About Claire Garber Goodman

Claire Garber Goodman was born in Longview, Texas on January 17, 1933. As a child, her family moved to Memphis, Tennessee which was her home until she married Lawrence B. Goodman D'47 in 1957. Mrs. Goodman graduated from the Ten Acre and Dana Hall Schools in Wellesley, Massachusetts and graduated from Connecticut College in 1954.

Mr. and Mrs. Goodman made their home in Rye, New York and were residents of that community at the time of Mrs. Goodman's death in April 1979. Mrs. Goodman is survived by her three children, Laura R., Hampshire College; Frank G, Dartmouth '82; and Emily J., Dartmouth '84.

Claire Goodman received her Master's Degree in Anthropology from New York University in 1978. Her Master's thesis on copper artifacts in the native-American Mississippian period was published in 1983 by the Center for American Archeology with the title "Copper Artifacts in Late Eastern Woodlands Prehistory", edited by Anne-Marie Cantwell. The book is still in print.

During her lifetime, Claire Garber Goodman expressed a wish to make a gift to Dartmouth College which would encourage and assist anthropological research by both students and faculty. Lawrence Goodman '47, her husband, has honored her wish and Dartmouth College by creating the fund which bears her name. Through this fund and the research it supports, we seek to further Claire Goodman's hope that knowledge from cross-cultural inquiry might provide new bases for enhancing prospects for universal human coexistence.
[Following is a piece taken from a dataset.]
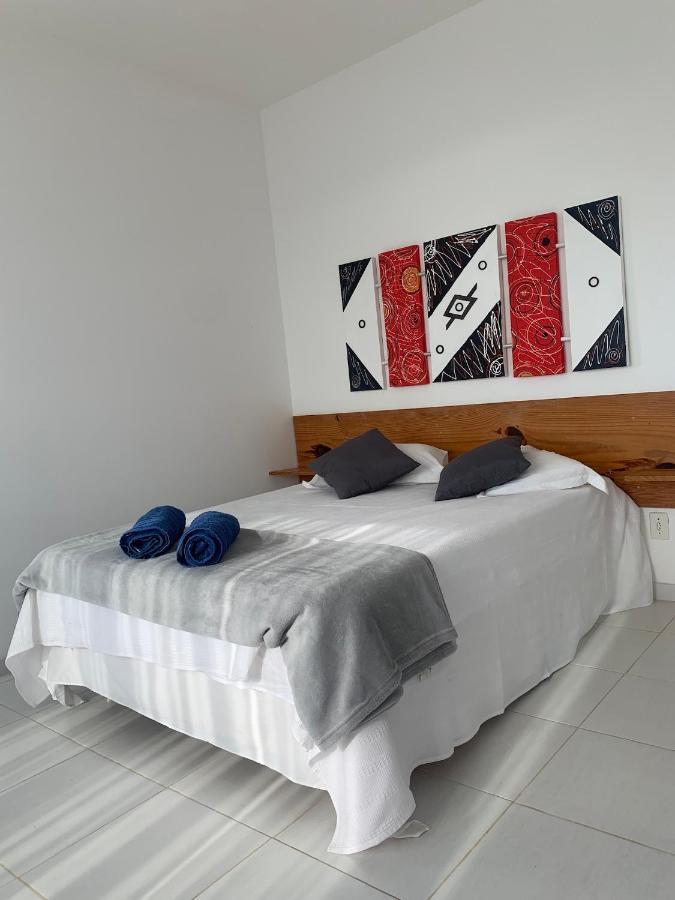 Guesthousebr Бомбиньяс Экстерьер фото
Student Research Proposals

Conducting anthropological research takes time as well as resources. A successful scholar is able to convince granting agencies that their project is worthy of funding. We are fortunate to have dedicated departmental resources to support student research, in the form of the Claire Garber Goodman Fund.  Accessing Goodman Fund resources should not only provide students with an invaluable learning experience in the field or the lab; it should also help them to become stronger writers and researchers.  We therefore require students to write a Goodman proposal with support from a faculty advisor both as a means of evaluating their research questions and as an exercise in effective grant writing and anthropological thinking. Students may use this cover sheet as a means of keeping track of basic details.

We have developed the following template for writing a strong Goodman Fund grant proposal. These guidelines are based on the Wenner-Gren Foundation, the Leakey Foundation, and the National Science Foundation—three of the most important agencies funding anthropological research.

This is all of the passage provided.